I first wanted to understand what providers’ patients sought when their child had a suspected malignancy. To determine this patient behavior, I conducted fifteen interviews of patients either continuing along the process of trying to find care, or of patients that had already reached BMC and were receiving care. With a foundation in network science, I was trying to better understand what providers are connected and how. It is not a simple binary question of a patient visiting a facility and then another and another- patients are often directed throughout the system getting referred from different providers to other providers.
In addition to trying to understand patient behavior, I also wanted to understand how the systems were constructed. What projects had made the system of cancer care the way it was? To do this, I spent a lot of time listening and interviewing people discussing the various cancer related projects that happened (or did not happen) in Shirati, what motivated those projects, and how sustainable they were. A multitude of NGOs and researchers have supported treatment for and studied cancer in Shirati, leaving the landscape incredibly varied based on the type of cancer one has and the severity of the cancer.
For example, if one were to arrive with Burkitt’s Lymphoma, a type of pediatric cancer endemic to East Africa, it was much easier to get treatment for that child since there were many studies being conducted on the genetic make up of the disease. On the contrary, were a patient to show up with a type of cancer that was not this Lymphoma, perhaps Leukemia, then receiving care was much more difficult. This situation is rather ironic since the systems of delivering care for such diseases are principally rather similar- diagnostics, transporting the patient to the same location, and monitoring the patient’s treatment with the same providers. Such ironies of one patient dying from getting the wrong type of cancer were all too common.
Further, I spent extensive time learning about the operations of the cervical cancer ward at Shirati Hospital. Cervical cancer is rather anomalous in that it can be treated locally- at least pre-cancerous lesions can be frozen to prevent progression. The ward’s history in and of itself is a rather interesting case study on the landscape of cancer treatment in Tanzania. While it has been in operation for over seven years, funding was recently dropped resulting in a cessation of all outreach activities. However, at the time of my being there funding was once again resuming which allowed me to exam what new efforts the nursing staff leading the ward were undertaking and what they identified to be their major challenges to best providing cervical cancer screening for their community.
Finally, I was able to review the quantitative data for the seven year existence of the ward. In it, the head nurse and I found evidence that only 2% of women had a 1 year survival rate if they had actually developed cervical cancer, begging the question, how can donors claim to be treating cervical cancer if they leave women who came too late (and thus have developed large lesions) with no ability to get care.

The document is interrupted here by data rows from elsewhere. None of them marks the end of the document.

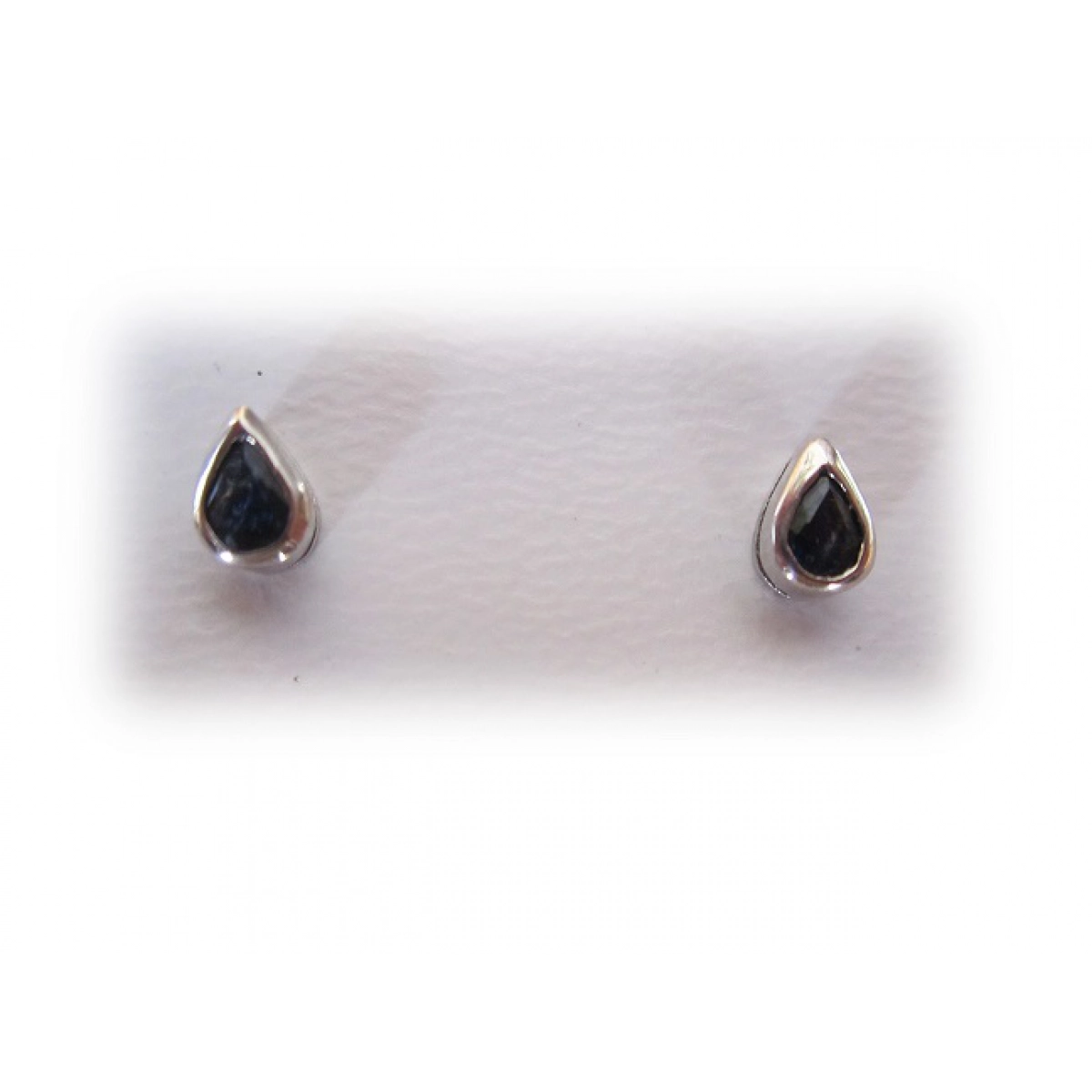 Sapphire earrings gold white 1st law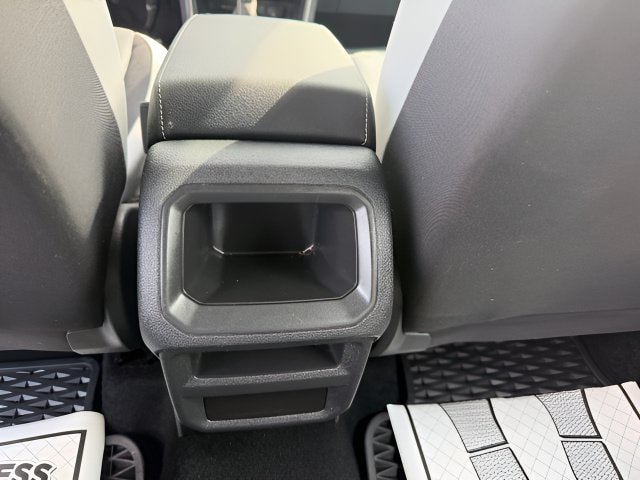 Certified 2025 Volkswagen Taos S AWD/4WD image 10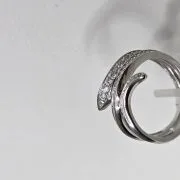 Anillo importado plata rodinada cruzado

Now, I will spend the next semester writing my capstone for the International Development Studies minor. I will be explaining how the cancer treatment landscape has systematically prevented comprehensive cancer care from the majority of rural patients. I will also be examining the literature to see how other countries have build health systems. Specifically, I will be reviewing Rwanda’s decentralization efforts for non-communicable diseases and Kenya’s AMPATH program, which adapted HIV care structures to treat cancer.

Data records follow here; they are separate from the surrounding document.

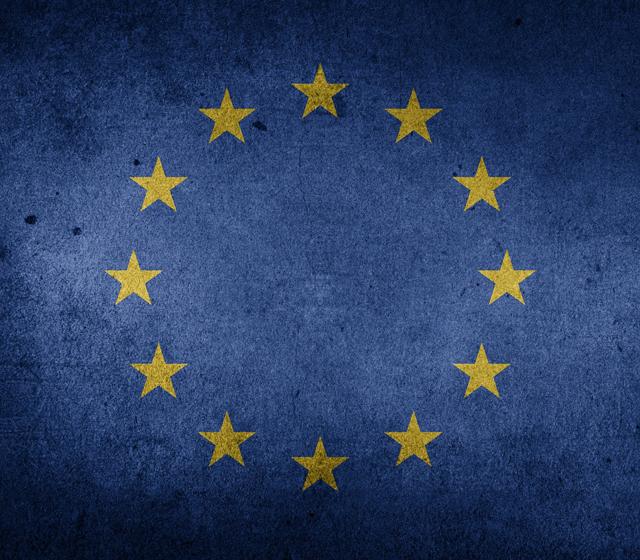 Glyphosat: ECHA-Entscheidung EU Flagge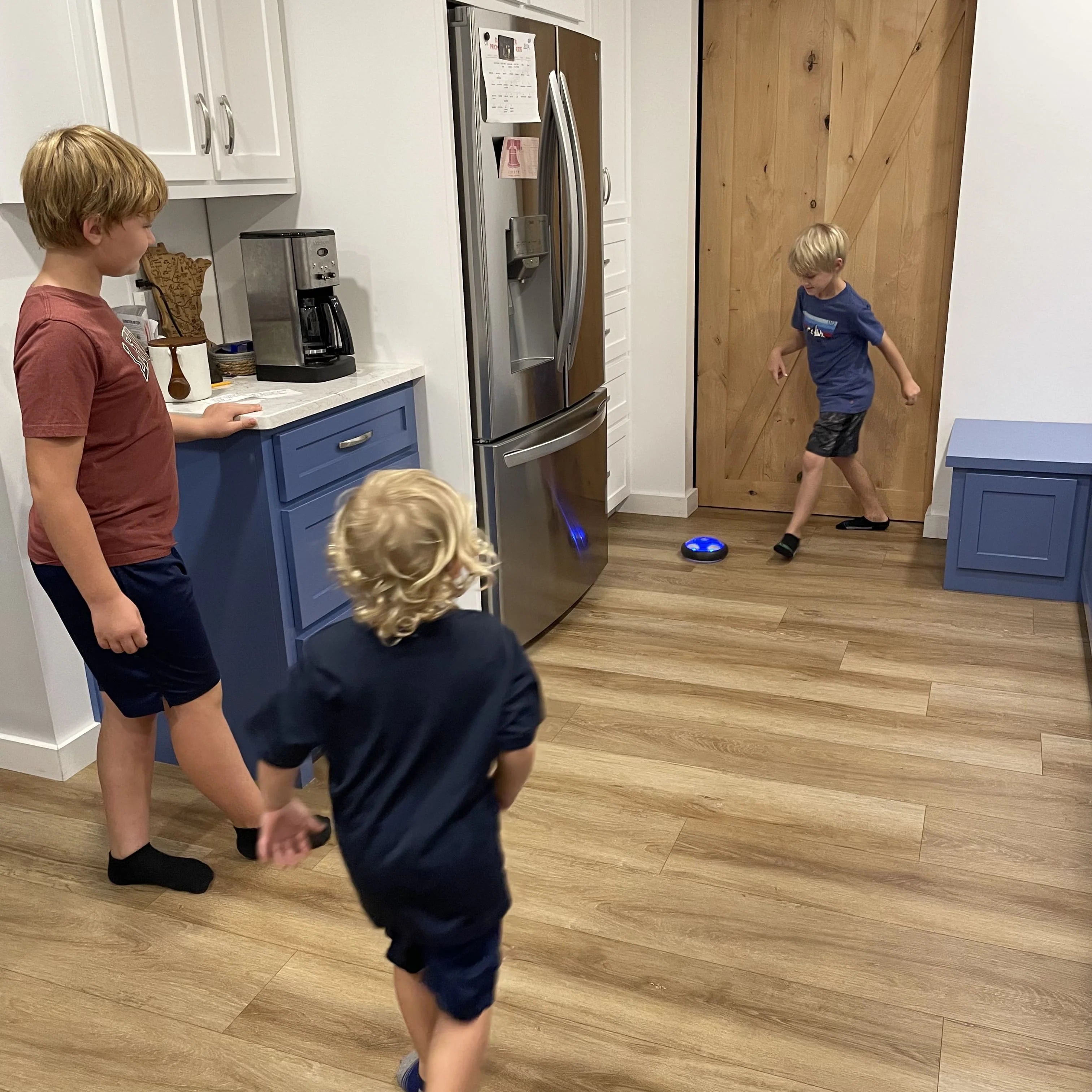 KiddoSpace™ - LED Hover Voetbal voor Kinderen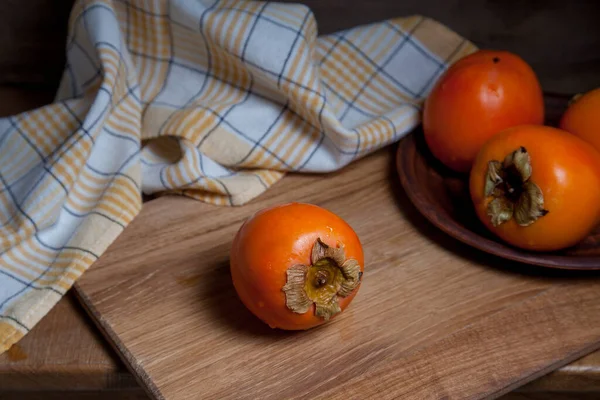 Deliziosi Frutti Cachi Freschi Pronti Essere Mangiati Sfondo Legno — Foto Stock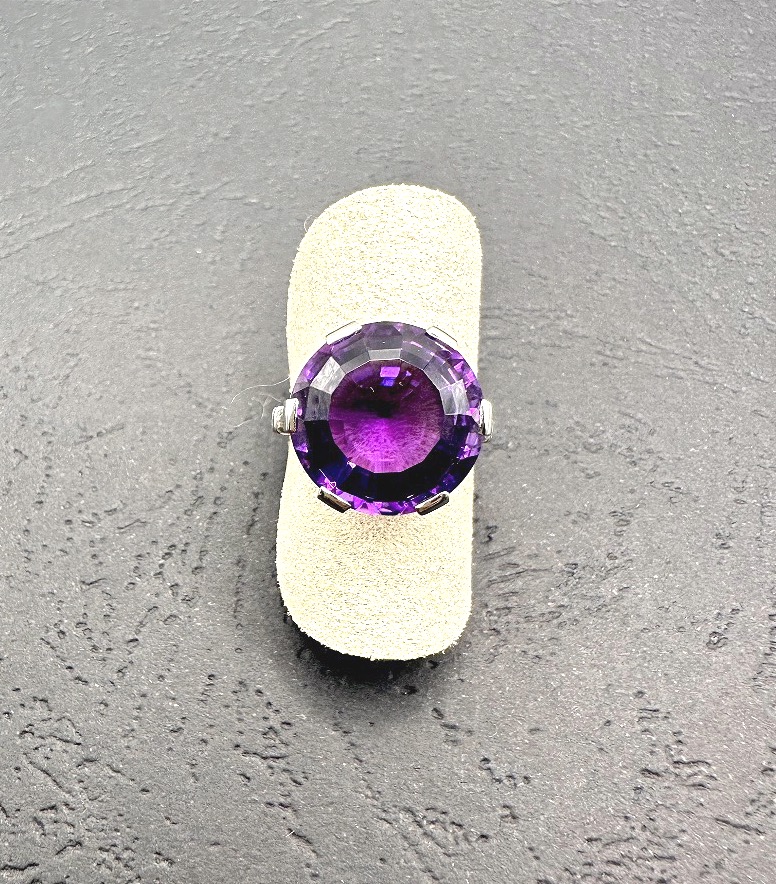 White Gold Ring With A Round Amethyst-photo-2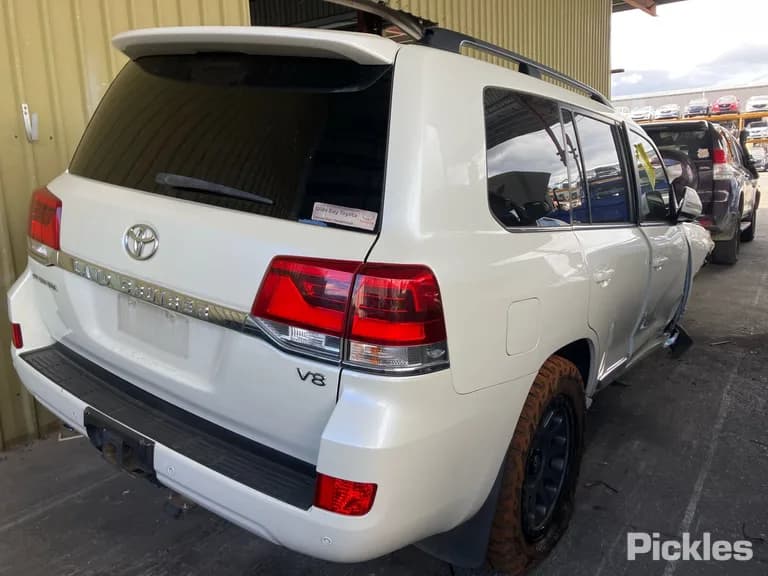 2018 Toyota Landcruiser Used VIN JTMHV05J004248117 – photo 20 2018 Toyota Landcruiser Used VIN JTMHV05J004248117 – photo 20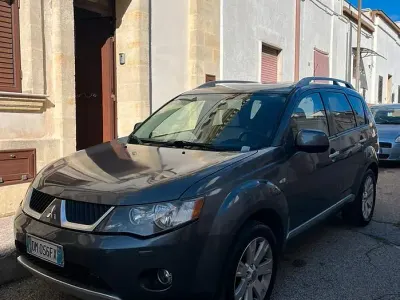 Usata Mitsubishi Outlander 140 CV (102 kW) 2008 Grigio SUV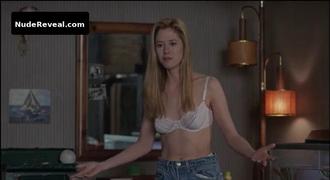 MIRA SORVINO nude in Beautiful Girls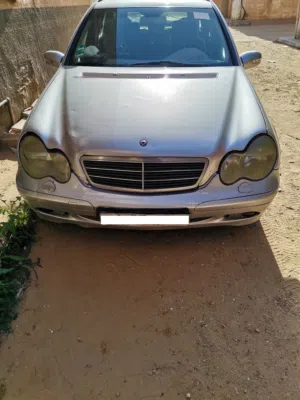 سيارة  C180 2004  للبيع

Finally, I will be looking at how systems for treating communicable diseases in Tanzania could be used to treat cancer and other non-communicable diseases. The question is one of diagonal integration- that is, utilizing existing structures to expand access to care instead of building new facilities. In Tanzania, where there is on average a health facility within 5km of every house in Tanzania, it seems that the country already has the ability to deliver care for complex diseases. I will be asking how this can be done, reflecting on the current situation and how to move forward.